The New York-based lender has dispatched Darren Spencer, the former chief operating officer of Morgan Stanley Private Wealth Management, to Tokyo to train staff and develop expertise at Japan’s largest lender. The two banks set up the Mitsubishi UFJ Morgan Stanley Securities Co. joint venture in 2010, which offers retail clients investment services.

At the end of December, the joint venture managed ¥40.7 trillion ($373 billion) of client assets, about a third of the amount held by Nomura Holdings Inc.’s retail segment. Morgan Stanley’s wealth business manages about $4 trillion of assets globally and employees about 16,000 financial advisers in the U.S.

“My mission is to impart that know-how, expertise so they can get the same successes here in Japan that we have seen in our wealth management business in the U.S.,” Spencer, Morgan Stanley’s head of Wealth Management Alliance, said in an interview.

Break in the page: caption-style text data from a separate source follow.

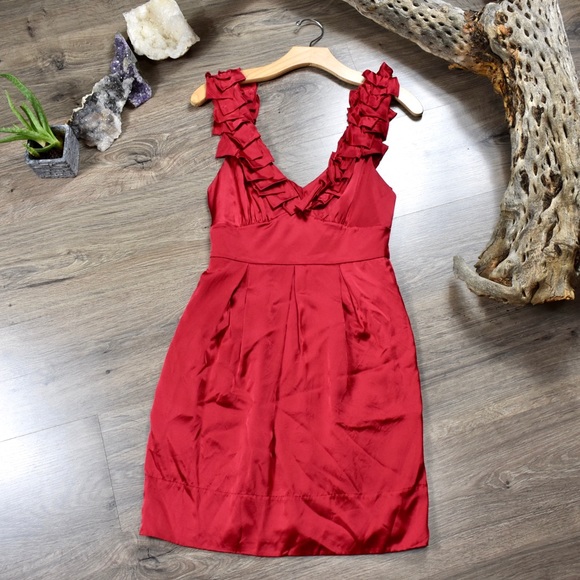 BCBGMaxAzria silk ruffled cocktail mini - Picture 2 of 7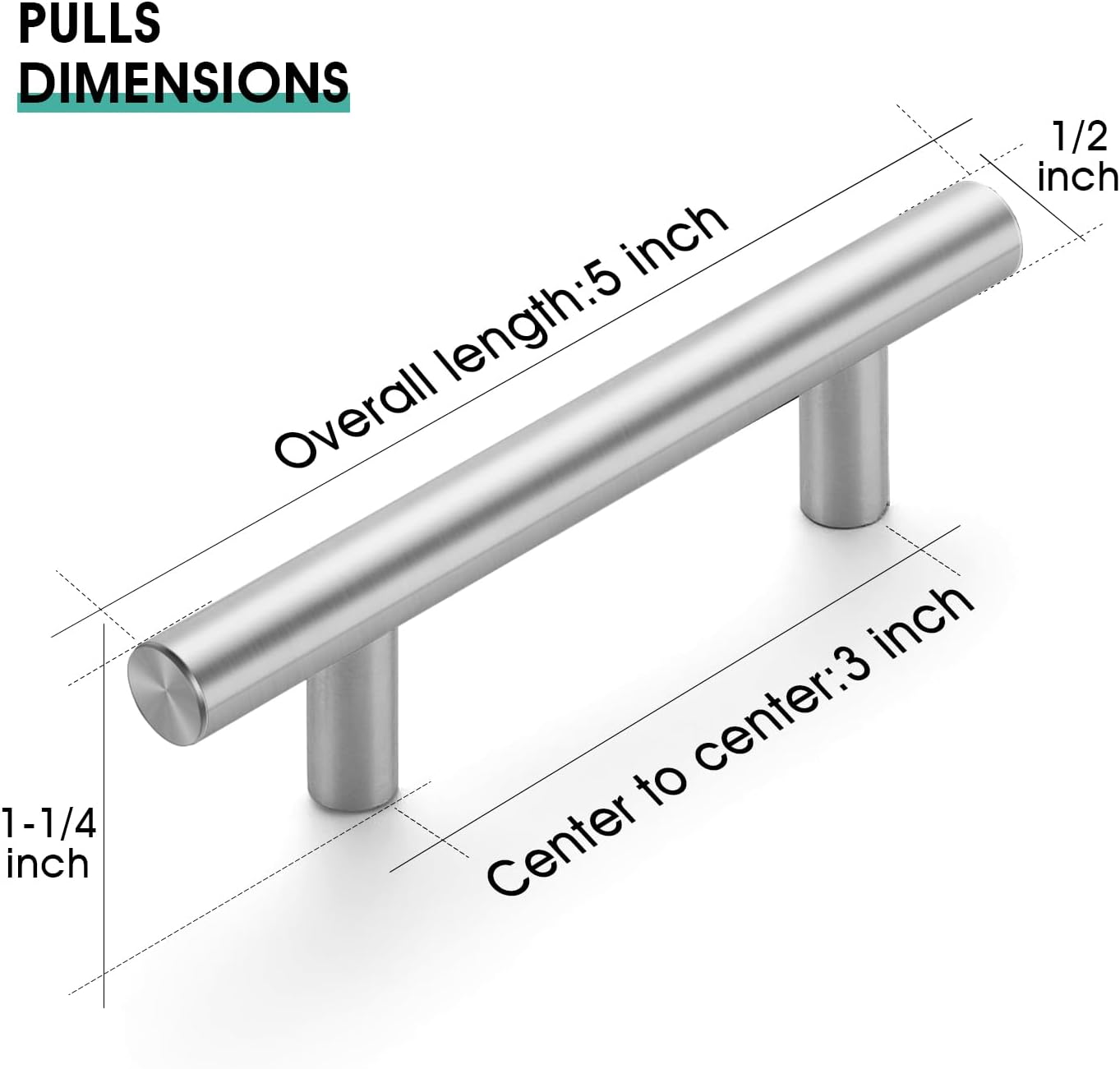 JOY DECOR 20 Pack 5 Inch Cabinet Pulls, Brushed Nickel Drawer Handles with 3 Inch (76mm) Hole Centers, Stainless Steel Kitchen Cabinet Hardware for Cupboards and Drawers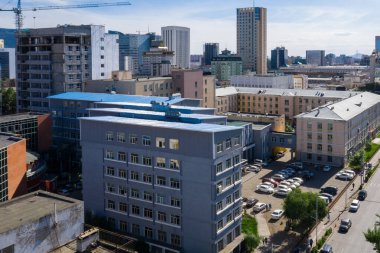 Moğolistan 'ın başkenti Ulaanbaatar' ın havadan görünüşü, yaklaşık Haziran 2019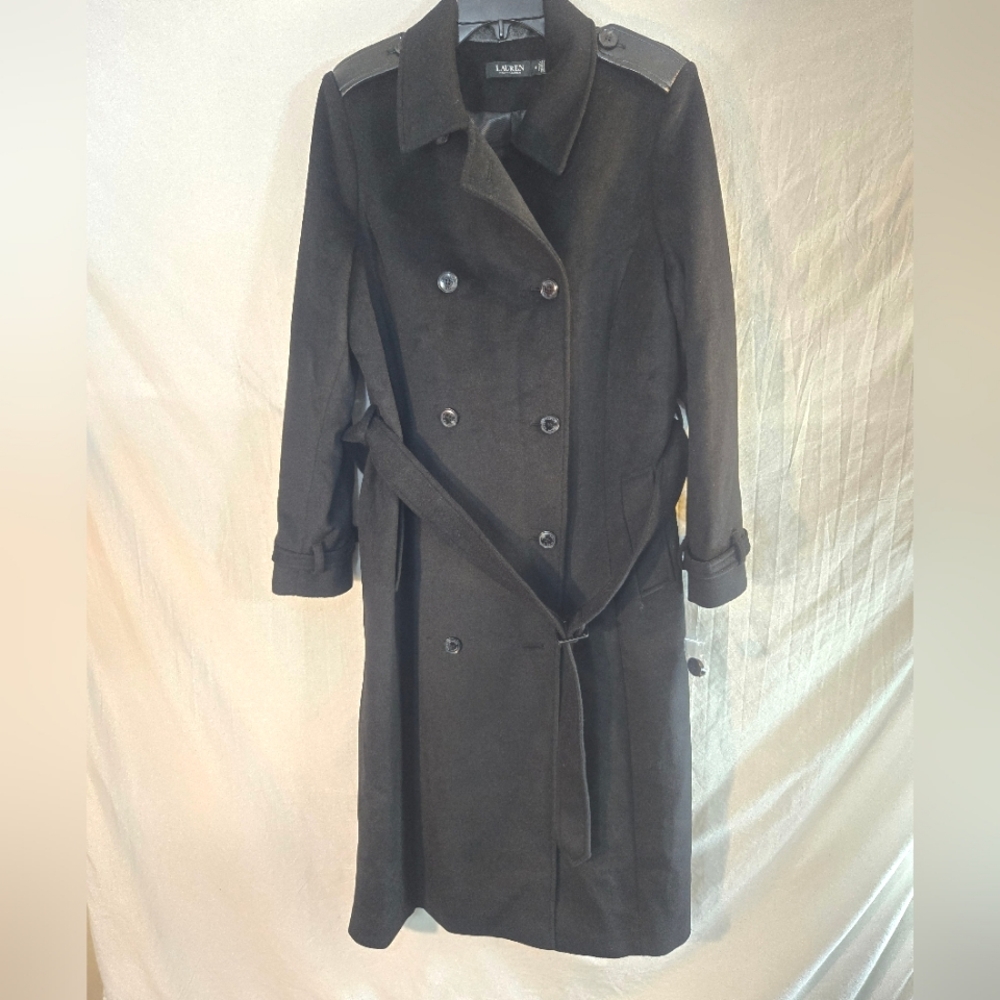 Lauren Ralph Lauren Women's 14 Black Wool-Blend Coat Leather Trim Belted NWOT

He will also help to create a digital platform for wealth management services, similar to the one the bank operates in the U.S.

Banks from Sumitomo Mitsui Financial Group Inc. to Goldman Sachs Group Inc. are stepping up efforts to manage more money for the wealthy in Japan where households hold more than half of their ¥1.95 quadrillion assets in cash and deposits, according to Bank of Japan data.

Spencer, who relocated in November and has worked at Morgan Stanley since 2009, will also help MUFG to move away from a “commission-based, product-push type of culture” that charges clients for each trade, to “more advice-based” services that take a fixed-rate fee for overseeing broad portfolios over the long term, he said.

Japanese brokerages have been under pressure to increase income from such wealth business as competition pushes commissions lower and regulators crack down on pushy sales tactics.

While the evolution will likely take time, that is “ultimately where the U.S. business and others have gotten to,” said Spencer, Morgan Stanley’s first Tokyo-stationed wealth management specialist. “I think the future here in Japan is very bright.”

The U.S. lender also operates another joint venture in Japan, which focuses on services such as international stock offerings and bond issuance. MUFG bought a $9 billion stake in the Wall Street firm in 2008 and is its biggest shareholder.